Les deux époux se sont rencontrés en 2001 lors d’une réunion de l’aristocratie française. « Quelqu’un m’avait dit qu’il venait d’écrire un livre, je suis allée le voir pour lui demander s’il était prêt à venir en parler à l’Institut catholique », raconte-t-elle. « Vous devriez peutêtre lire le livre d’abord », lui répondit le vicomte dans un sourire. Pour leur premier rendez-vous, il lui proposa d’aller faire une balade vers l’Aiguille creuse, le repaire supposé d’Arsène Lupin. Selon son épouse, l’ouvrage signait la fin de sa « carrière ». Par la suite, l’homme ne fit plus parler de lui. Si ce n’est dans la rubrique mondanités, lorsqu’il remporte le prix d’élégance automobile de La Baule en 2013 ou quand il fête ses 70 ans au Cercle de l’Union interalliée en présence de trois cents invités en décembre 2014.
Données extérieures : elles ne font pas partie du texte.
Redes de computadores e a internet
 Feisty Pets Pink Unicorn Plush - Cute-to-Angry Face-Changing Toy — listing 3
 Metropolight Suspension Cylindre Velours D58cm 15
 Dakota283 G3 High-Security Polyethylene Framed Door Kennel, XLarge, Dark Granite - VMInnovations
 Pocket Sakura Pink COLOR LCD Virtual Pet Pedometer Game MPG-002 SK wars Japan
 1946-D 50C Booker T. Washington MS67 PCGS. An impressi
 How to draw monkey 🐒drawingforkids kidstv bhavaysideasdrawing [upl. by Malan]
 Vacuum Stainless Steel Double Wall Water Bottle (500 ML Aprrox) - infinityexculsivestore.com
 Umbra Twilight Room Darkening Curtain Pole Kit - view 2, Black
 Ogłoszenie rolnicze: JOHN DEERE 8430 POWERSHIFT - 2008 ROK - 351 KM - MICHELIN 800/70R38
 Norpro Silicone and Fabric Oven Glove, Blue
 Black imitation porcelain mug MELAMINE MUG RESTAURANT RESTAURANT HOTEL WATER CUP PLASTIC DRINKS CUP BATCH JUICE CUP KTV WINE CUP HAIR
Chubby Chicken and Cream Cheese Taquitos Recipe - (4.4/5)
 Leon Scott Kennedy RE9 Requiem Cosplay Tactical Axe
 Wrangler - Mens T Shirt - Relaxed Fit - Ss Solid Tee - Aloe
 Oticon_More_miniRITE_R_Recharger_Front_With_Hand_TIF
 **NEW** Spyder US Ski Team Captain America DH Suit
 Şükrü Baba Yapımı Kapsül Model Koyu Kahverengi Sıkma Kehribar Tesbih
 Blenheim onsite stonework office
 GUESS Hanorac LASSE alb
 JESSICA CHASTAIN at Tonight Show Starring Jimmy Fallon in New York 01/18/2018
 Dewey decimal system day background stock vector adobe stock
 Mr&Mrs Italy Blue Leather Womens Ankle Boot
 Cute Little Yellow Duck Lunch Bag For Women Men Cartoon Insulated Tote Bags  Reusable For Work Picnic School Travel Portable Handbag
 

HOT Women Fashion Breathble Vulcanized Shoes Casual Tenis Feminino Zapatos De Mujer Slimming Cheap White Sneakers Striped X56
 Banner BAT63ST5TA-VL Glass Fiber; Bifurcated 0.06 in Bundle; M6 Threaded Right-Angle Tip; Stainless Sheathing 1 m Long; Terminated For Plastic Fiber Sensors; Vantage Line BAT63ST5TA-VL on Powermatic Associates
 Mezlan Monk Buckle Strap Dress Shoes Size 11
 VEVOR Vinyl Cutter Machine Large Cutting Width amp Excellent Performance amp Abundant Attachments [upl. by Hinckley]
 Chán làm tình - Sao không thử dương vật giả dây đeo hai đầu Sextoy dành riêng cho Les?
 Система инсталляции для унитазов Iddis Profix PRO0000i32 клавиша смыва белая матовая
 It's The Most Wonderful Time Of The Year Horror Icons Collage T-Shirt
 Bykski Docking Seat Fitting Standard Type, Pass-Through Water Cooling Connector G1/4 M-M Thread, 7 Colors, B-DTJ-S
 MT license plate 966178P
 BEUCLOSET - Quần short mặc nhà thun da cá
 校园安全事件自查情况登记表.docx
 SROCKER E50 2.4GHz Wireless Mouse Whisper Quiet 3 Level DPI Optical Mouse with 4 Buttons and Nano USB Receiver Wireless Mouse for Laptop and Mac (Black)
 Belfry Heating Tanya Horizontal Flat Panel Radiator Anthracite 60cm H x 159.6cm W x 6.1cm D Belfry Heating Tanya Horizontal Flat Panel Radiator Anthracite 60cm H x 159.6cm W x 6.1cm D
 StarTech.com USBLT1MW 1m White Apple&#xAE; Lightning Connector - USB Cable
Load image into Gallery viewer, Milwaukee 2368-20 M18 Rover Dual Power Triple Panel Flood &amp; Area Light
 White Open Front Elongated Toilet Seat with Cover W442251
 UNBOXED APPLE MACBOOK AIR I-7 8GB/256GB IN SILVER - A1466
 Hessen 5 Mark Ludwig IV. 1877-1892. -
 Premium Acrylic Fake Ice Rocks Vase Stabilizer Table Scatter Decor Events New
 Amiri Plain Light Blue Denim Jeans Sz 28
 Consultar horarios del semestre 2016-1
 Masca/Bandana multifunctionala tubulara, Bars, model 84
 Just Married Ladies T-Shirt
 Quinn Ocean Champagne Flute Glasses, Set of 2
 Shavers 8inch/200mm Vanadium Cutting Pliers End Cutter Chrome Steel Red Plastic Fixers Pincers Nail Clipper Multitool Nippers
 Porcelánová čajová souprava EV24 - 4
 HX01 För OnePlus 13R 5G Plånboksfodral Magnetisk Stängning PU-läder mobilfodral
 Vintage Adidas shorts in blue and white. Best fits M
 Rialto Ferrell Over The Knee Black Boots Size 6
Quelques semaines après cette sauterie, son nom resurgit dans une affaire de racket. A l’origine, un litige commercial entre deux ferrailleurs à propos d’un chantier de destruction d’une tour de la Défense. Entre les deux parties, le conflit s’est enlisé. Le 28 janvier 2015, vers 19 heures, l’un des deux patrons envoie trois individus cagoulés au domicile de son rival pour exiger le paiement de la dette. Seule sa femme est présente. Elle se retrouve ligotée et malmenée. Son mari prévient aussitôt la police. Le commanditaire du trio sera interpellé le 4 février à la sortie d’un rendez-vous avec sa victime. Au cours de celui-ci, il a exigé une rallonge de 200 000 euros. Pour le paiement, il a glissé un papier avec les coordonnées d’un compte domicilié au Royaume-Uni. Il appartient à une société dont le gérant est un certain Roland Naylor.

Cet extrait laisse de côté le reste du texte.